→ Aim of the task
Transcribe, word for word and without additions, each line below from the one containing "Baby banana muffins, one" through the one containing "Soaring Skyscraper under", both ends included.

[The records Boundary: Start]

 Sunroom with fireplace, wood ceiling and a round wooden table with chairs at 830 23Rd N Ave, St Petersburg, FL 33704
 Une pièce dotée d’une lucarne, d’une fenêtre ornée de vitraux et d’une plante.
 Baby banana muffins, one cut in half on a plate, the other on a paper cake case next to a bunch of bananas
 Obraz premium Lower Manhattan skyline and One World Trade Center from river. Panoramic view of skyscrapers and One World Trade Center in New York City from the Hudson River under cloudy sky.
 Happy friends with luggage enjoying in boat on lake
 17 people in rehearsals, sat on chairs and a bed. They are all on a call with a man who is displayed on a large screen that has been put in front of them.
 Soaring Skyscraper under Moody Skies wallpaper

[The records Boundary: End]
[The records Boundary: Start]

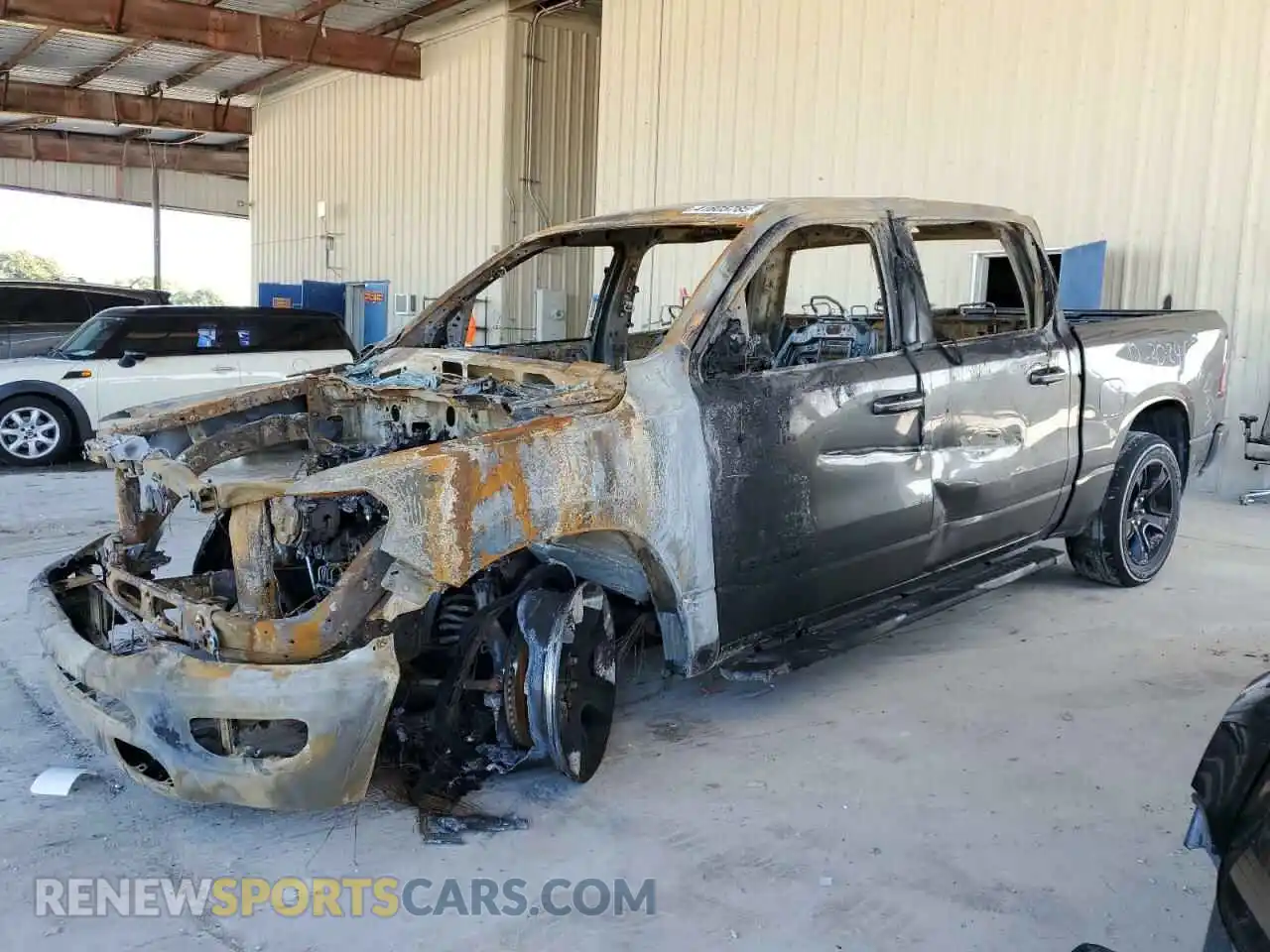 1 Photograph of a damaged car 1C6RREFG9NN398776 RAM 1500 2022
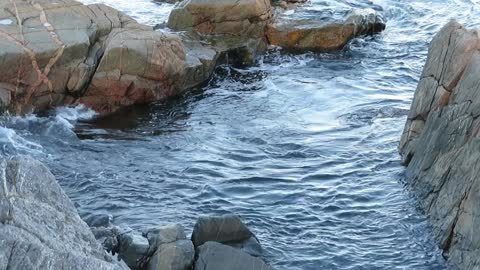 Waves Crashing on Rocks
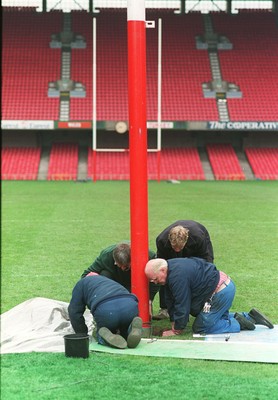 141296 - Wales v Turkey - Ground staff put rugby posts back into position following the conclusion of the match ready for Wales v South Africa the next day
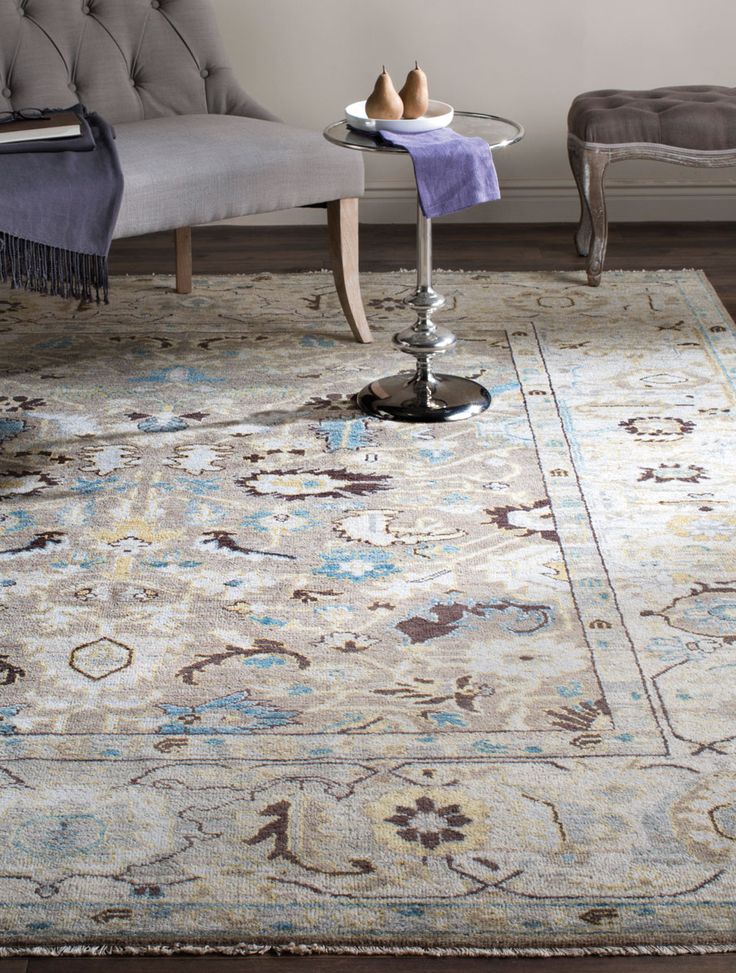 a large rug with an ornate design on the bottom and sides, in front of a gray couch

[The records Boundary: End]
[The records Boundary: Start]

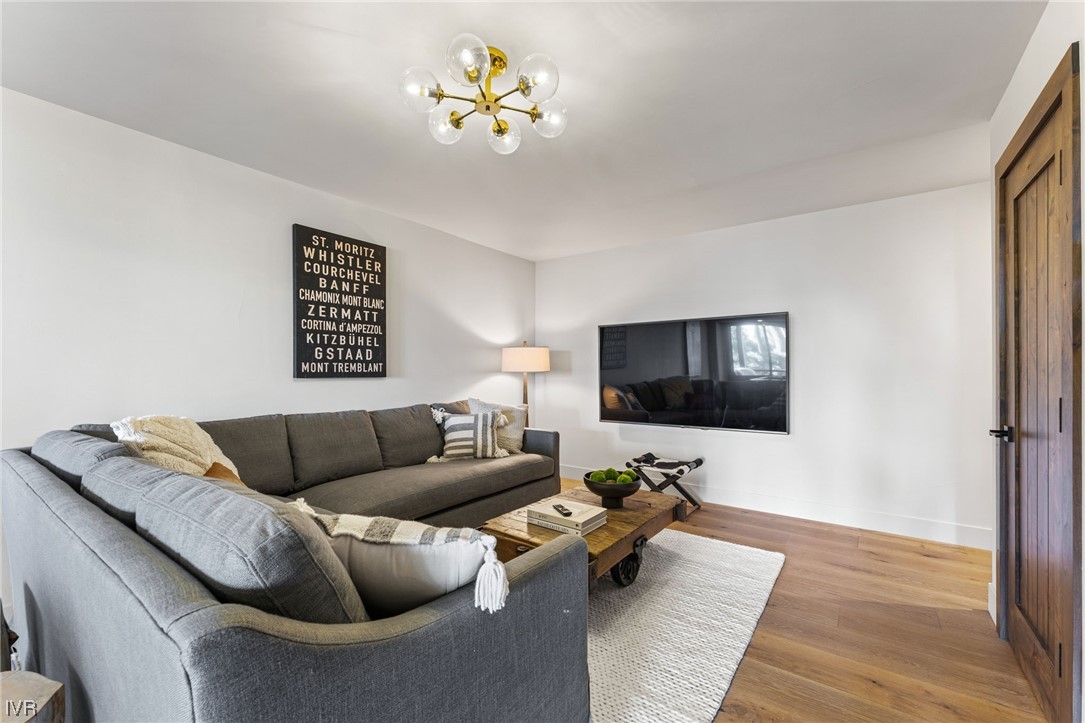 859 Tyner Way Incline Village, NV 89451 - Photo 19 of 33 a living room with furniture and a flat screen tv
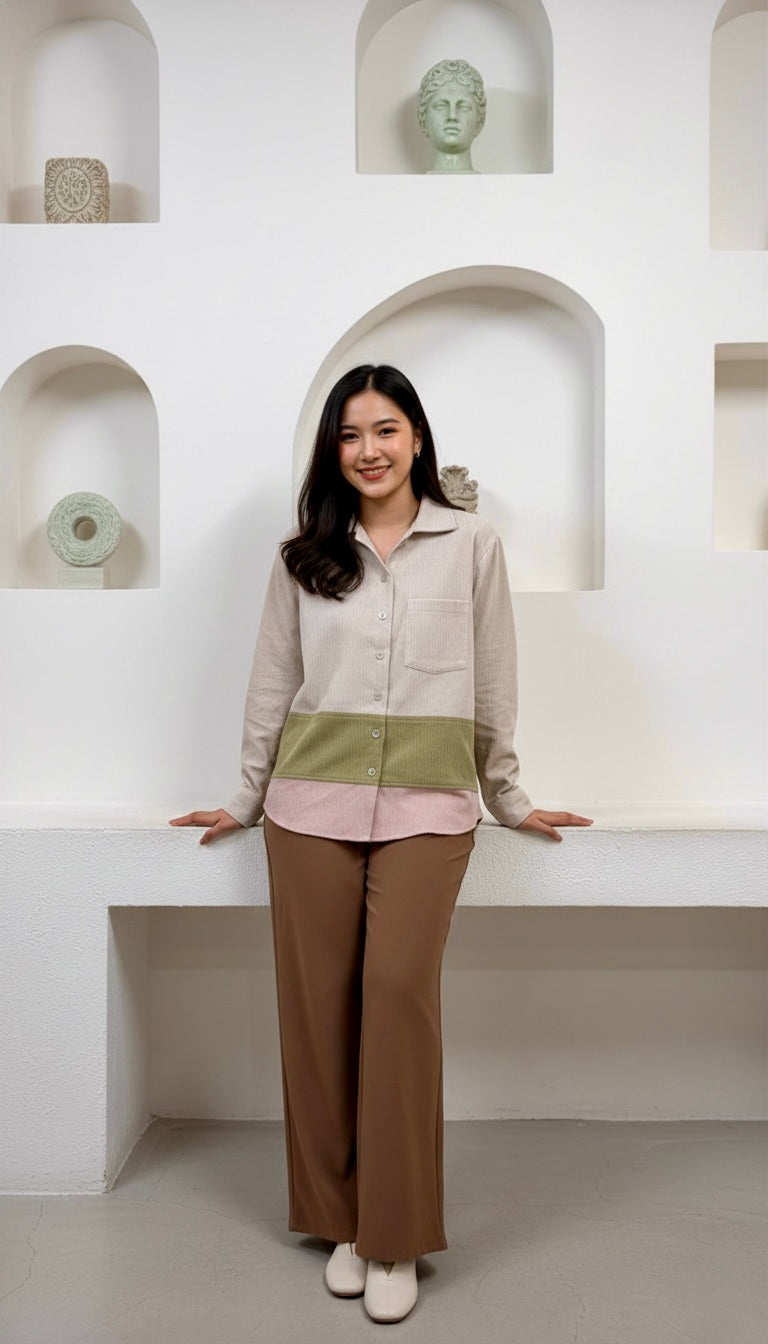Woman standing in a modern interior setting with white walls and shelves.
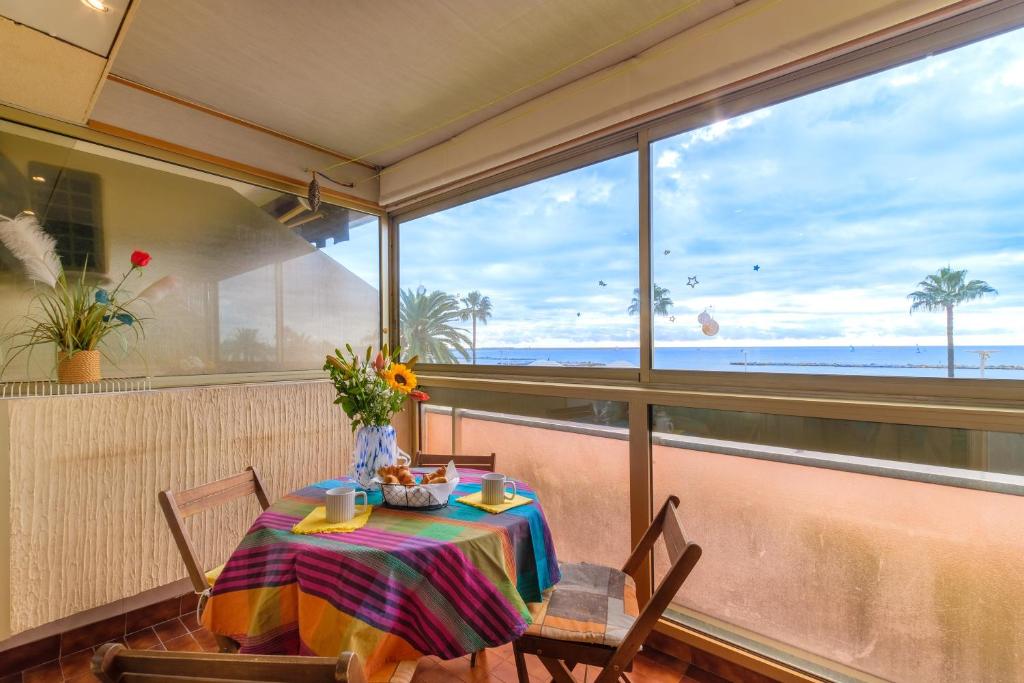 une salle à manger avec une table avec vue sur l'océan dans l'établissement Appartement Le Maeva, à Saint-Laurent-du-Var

[The records Boundary: End]

→ Answer box
 Baby banana muffins, one cut in half on a plate, the other on a paper cake case next to a bunch of bananas
 Obraz premium Lower Manhattan skyline and One World Trade Center from river. Panoramic view of skyscrapers and One World Trade Center in New York City from the Hudson River under cloudy sky.
 Happy friends with luggage enjoying in boat on lake
 17 people in rehearsals, sat on chairs and a bed. They are all on a call with a man who is displayed on a large screen that has been put in front of them.
 Soaring Skyscraper under Moody Skies wallpaper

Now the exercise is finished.